▸ Task brief
For the data below, restate word for word only the lines from the line containing "面筋胡萝卜丝拌菠菜的做法步骤：3" through the line containing "3 x Peridot Ovals - Approx. 6mm by 4mm", both ends included.

▸ Extracted records
* * * *
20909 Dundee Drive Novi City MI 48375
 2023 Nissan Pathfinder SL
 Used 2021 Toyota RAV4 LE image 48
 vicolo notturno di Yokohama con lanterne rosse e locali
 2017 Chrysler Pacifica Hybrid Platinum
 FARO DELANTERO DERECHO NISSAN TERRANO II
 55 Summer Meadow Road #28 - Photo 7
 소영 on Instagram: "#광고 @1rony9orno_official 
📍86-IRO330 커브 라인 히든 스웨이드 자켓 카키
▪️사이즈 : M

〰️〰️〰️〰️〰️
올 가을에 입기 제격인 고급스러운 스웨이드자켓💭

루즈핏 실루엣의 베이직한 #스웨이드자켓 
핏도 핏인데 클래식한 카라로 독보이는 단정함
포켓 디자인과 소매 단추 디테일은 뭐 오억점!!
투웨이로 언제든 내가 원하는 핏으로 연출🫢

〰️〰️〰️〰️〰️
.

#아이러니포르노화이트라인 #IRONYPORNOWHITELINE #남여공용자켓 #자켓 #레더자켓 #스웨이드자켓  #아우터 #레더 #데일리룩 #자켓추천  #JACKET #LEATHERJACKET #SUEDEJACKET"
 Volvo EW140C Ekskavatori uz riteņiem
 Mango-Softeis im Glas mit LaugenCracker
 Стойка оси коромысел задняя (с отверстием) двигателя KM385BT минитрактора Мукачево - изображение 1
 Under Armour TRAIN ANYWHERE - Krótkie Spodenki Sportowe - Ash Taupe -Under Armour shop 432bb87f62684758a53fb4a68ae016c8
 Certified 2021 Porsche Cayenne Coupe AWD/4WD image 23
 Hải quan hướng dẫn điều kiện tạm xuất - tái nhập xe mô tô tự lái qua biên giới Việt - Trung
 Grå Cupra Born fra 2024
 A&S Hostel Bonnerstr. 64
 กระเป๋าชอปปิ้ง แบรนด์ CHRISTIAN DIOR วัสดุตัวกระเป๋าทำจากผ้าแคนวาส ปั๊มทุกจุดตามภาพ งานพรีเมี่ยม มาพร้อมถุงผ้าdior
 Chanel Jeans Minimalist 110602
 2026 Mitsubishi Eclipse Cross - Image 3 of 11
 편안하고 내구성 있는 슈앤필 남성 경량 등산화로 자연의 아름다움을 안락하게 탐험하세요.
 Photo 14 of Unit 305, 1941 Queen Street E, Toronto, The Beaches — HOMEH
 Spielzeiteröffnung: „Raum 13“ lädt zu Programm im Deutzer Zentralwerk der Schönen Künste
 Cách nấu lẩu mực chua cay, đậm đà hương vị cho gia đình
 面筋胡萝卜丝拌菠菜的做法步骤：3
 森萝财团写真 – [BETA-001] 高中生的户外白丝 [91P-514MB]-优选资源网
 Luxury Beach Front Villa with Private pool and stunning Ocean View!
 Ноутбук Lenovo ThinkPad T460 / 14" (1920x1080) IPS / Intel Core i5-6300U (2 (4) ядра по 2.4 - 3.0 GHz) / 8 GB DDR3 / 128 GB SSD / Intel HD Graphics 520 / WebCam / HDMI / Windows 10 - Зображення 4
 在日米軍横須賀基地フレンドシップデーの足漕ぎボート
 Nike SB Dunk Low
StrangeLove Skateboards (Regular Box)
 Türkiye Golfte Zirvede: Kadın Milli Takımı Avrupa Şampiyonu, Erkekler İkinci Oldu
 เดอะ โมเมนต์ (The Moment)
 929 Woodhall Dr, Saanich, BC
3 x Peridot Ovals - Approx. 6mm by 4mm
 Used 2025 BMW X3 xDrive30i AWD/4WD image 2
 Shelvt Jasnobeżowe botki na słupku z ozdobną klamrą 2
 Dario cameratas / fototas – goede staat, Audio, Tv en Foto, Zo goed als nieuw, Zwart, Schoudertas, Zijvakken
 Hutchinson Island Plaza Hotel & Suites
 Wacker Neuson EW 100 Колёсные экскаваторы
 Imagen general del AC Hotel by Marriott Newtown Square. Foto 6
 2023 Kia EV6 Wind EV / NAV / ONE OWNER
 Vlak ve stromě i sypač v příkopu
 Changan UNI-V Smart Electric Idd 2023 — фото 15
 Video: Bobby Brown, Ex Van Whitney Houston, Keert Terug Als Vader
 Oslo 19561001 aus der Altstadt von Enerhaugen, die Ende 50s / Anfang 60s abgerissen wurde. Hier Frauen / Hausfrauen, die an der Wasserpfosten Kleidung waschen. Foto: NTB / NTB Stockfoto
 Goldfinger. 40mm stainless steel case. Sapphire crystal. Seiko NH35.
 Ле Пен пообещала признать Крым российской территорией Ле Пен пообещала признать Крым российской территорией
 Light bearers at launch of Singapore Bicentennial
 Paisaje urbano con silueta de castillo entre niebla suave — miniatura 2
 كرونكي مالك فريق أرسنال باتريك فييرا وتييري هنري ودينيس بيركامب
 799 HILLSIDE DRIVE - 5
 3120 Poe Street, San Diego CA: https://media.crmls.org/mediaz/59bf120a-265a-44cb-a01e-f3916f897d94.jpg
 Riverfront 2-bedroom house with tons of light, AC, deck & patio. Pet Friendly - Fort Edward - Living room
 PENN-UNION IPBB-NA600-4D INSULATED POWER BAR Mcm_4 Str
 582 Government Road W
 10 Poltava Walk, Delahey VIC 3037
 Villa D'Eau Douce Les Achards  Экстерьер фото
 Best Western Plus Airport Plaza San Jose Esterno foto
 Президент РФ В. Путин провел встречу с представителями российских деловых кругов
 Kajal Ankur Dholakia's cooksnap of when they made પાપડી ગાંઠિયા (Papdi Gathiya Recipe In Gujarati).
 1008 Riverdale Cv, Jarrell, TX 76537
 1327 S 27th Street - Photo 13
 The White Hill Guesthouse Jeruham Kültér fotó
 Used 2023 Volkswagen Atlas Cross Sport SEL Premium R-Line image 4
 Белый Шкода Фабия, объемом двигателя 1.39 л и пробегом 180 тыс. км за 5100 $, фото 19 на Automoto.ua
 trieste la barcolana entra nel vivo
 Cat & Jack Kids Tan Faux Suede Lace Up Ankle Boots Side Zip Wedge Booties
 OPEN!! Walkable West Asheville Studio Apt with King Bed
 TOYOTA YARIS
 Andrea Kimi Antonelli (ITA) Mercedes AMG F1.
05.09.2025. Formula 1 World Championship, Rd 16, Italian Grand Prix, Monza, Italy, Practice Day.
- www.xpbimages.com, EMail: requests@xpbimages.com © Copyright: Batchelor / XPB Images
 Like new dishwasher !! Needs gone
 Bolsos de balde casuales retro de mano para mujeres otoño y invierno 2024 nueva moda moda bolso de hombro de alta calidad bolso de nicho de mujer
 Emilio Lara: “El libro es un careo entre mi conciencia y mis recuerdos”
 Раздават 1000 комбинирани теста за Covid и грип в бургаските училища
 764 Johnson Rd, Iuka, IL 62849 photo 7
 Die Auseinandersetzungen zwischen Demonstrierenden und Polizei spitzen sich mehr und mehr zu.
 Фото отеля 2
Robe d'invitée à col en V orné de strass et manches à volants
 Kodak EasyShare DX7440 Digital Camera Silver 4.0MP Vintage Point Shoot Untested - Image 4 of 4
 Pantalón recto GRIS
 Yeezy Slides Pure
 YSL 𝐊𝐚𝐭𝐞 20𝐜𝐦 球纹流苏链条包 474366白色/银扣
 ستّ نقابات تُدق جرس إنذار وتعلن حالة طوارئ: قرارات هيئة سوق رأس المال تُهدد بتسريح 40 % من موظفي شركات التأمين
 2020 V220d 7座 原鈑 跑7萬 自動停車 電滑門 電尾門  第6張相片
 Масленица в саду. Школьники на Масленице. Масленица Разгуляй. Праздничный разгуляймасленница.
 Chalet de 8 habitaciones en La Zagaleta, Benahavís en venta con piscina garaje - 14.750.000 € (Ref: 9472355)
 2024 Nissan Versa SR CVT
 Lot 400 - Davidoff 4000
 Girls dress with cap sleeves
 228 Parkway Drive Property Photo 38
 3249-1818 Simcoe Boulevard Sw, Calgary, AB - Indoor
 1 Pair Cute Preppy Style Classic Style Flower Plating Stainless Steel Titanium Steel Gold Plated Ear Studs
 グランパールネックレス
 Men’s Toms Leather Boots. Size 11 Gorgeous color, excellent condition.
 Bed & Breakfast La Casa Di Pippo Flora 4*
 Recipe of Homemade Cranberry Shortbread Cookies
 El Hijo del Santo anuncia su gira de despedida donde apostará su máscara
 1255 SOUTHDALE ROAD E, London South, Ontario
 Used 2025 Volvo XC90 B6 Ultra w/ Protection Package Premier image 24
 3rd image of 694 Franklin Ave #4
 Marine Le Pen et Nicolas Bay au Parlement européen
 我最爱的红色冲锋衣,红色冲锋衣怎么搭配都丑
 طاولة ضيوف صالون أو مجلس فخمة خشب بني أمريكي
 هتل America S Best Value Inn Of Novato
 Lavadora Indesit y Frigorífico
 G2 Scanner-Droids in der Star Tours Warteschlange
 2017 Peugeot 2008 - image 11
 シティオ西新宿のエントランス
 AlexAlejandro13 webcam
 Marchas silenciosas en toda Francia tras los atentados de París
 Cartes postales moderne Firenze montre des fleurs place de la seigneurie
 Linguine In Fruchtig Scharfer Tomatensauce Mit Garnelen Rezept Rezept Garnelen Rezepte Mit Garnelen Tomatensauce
* * * *
▸ Task answer
 面筋胡萝卜丝拌菠菜的做法步骤：3
 森萝财团写真 – [BETA-001] 高中生的户外白丝 [91P-514MB]-优选资源网
 Luxury Beach Front Villa with Private pool and stunning Ocean View!
 Ноутбук Lenovo ThinkPad T460 / 14" (1920x1080) IPS / Intel Core i5-6300U (2 (4) ядра по 2.4 - 3.0 GHz) / 8 GB DDR3 / 128 GB SSD / Intel HD Graphics 520 / WebCam / HDMI / Windows 10 - Зображення 4
 在日米軍横須賀基地フレンドシップデーの足漕ぎボート
 Nike SB Dunk Low
StrangeLove Skateboards (Regular Box)
 Türkiye Golfte Zirvede: Kadın Milli Takımı Avrupa Şampiyonu, Erkekler İkinci Oldu
 เดอะ โมเมนต์ (The Moment)
 929 Woodhall Dr, Saanich, BC
3 x Peridot Ovals - Approx. 6mm by 4mm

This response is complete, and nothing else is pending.